Stress Characterization

5/12/2022

When hardware or software architectural components are stressed to their limit under carefully controlled test conditions, we can quantify and visualize their breaking points. One of the results from such testing is a set of characterization canopies (another example result is the causality graphs of failures). These canopies can be used, along with the system operating point within a parameter space to empirically calculate available engineering margins.

Continuing with our structural engineering analogy, this is similar to varying the application environmental parameters such as temperature, humidity and discovering what application stress levels (and/or vibrations) induce a failure, and estimate margins.

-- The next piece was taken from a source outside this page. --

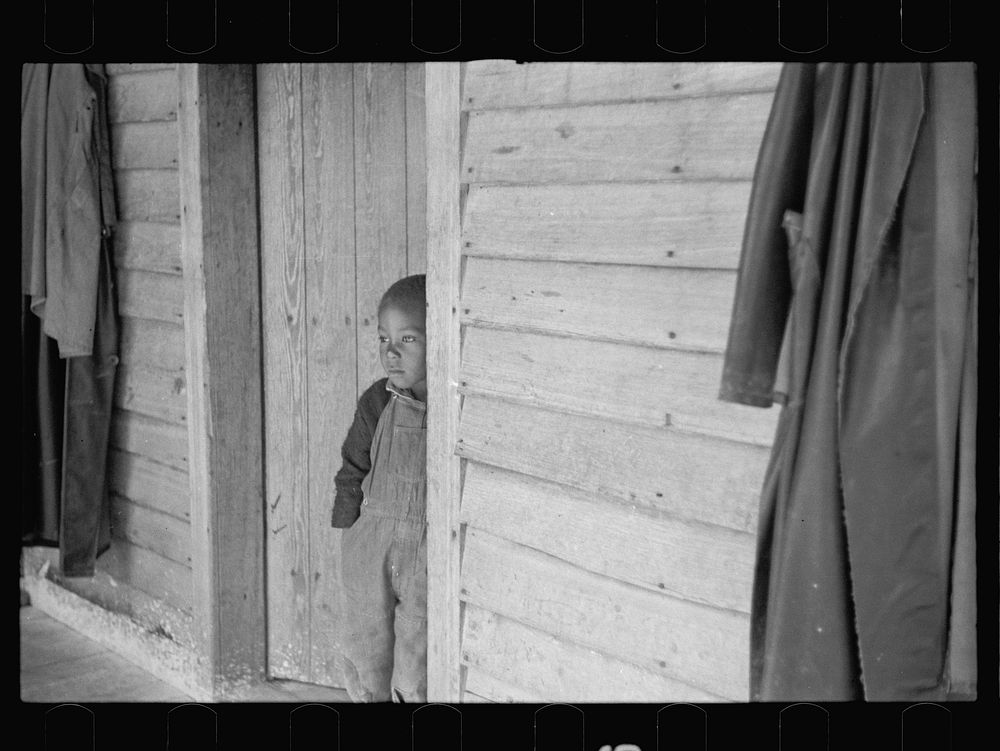 Children of Nat Williamson. Guilford County, North Carolina. Sourced from the Library of Congress.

Shown is an example of characterization canopy from a processor component: the last-level cache (LLC) in a multi-core processor. The Figure shows observed core utilization (in Z axis), as each core is loaded (in X axis), while studying its sensitivity to a 3rd parameter (in Y axis) – in this case, the application read-write mix. This 3D graph has been colored to visualize the safe operating regions within this slice of the parameter space. For this graph, other parameters must be fixed at some values (including the memory demand and nominal processor load); but are varied in the overall experiment. Various such slices can be created from data obtained from millions of experiments.

Assuming ‘correct’ application logic (to be visited for another day), these tests allow a careful study of stress saturation on the system operating environment either during system development or events such as component replacement, cyber-attacks that may overwhelm resources, etc.